Dennis Plane, department chair and professor of politics at Juniata College, noted that voter turnout in the country for the midterm elections was high, just like in the county at 52 percent.
The Daily News reported Wednesday that 45.91 percent of the county’s registered voters participated in the November 2014 midterm election.
According to a report from NPR, more than 47 percent of the voting-eligible population cast a ballot in the midterm elections Tuesday, which gained their estimates from the United States Election Project.

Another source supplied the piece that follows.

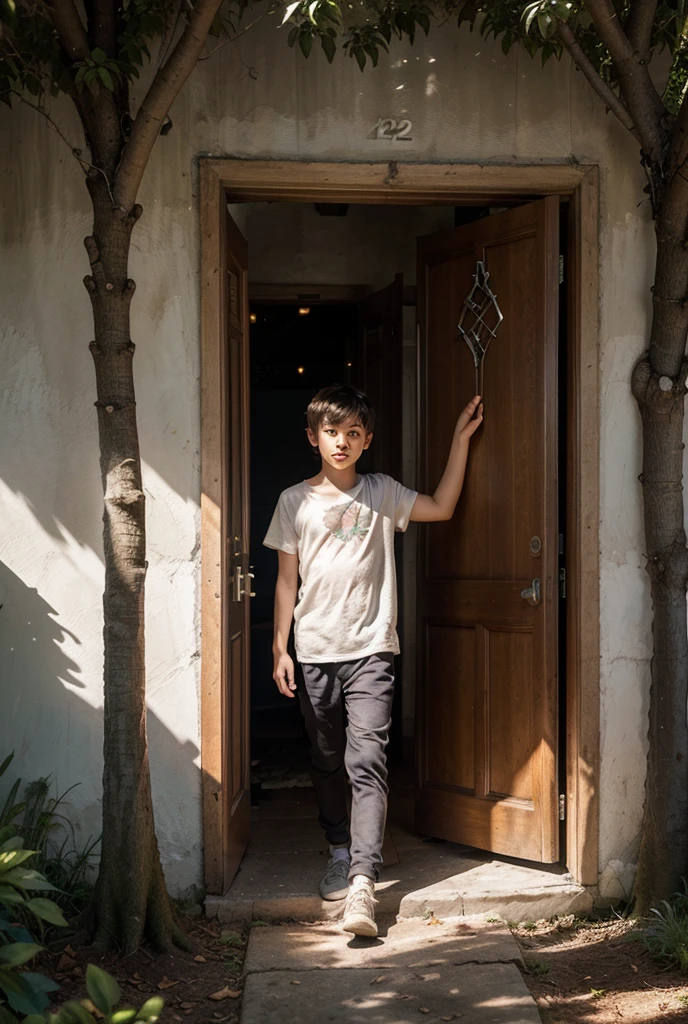 Create an image of a cheeky boy in a backroom(liminal space) cheered up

“Nationally, we saw high turnout as conservatives showed up to support Donald Trump and as liberals showed up to express opposition to Trump,” he said. “Turnout was astronomically high for a midterm, suggesting that the public viewed this more like a referendum on Trump than an election for Congress.
Though the Democrats took the U.S. House of Representatives, reflecting a little bit of a blue wave that was discussed prior to the election, Republicans made gains in the U.S. Senate, reflecting the polarization of politics in the country.
Locally, Plane noted results were expected, but Democrats did make some gains.
“Locally, the results are as one might expect, with Republican candidates winning,” he said. “Democrats made some inroads, however, especially in the 34th Senatorial District in the candidacy of Ezra Nanes.”
In Centre County, the home county of Nanes and incumbent Republican state Sen. Jake Corman, Nanes had more votes, with 28,674 votes to Corman’s 26,530 votes.
“That Nanes narrowed the gap with Corman is testament to the Nanes’ relevance — especially in the less conservative and younger State College area,” said Plane. “Both candidates and their parties spent considerable resources in what would normally be a safe Republican area.”
Additionally, in the 81st Legislative District for state representative, Democratic candidate Rick Rogers also made some gains against incumbent and Republican state Rep. Rich Irvin in Centre County, as the district covers a portion of Centre County.
Rogers secured 4,111 votes to Irvin’s 3,654 votes in Centre County, despite only getting 4,289 votes to Irvin’s 11,067 votes in Huntingdon County.
Plane noted that while it wasn’t the big blue wave that some were anticipating, Democrats made some headway, but Republican control in the U.S. Senate could potentially have lasting impacts for years to come.
“Nationally, it was not a blue wave, but there was an unusually high tide in some areas,” he said. “Republicans extended their U.S. Senate majority, which will allow Trump and the Republicans to have a long-lasting effect on the judiciary by virtually guaranteeing as many conservative federal judges as possible — potentially pulling that branch to the right for decades.”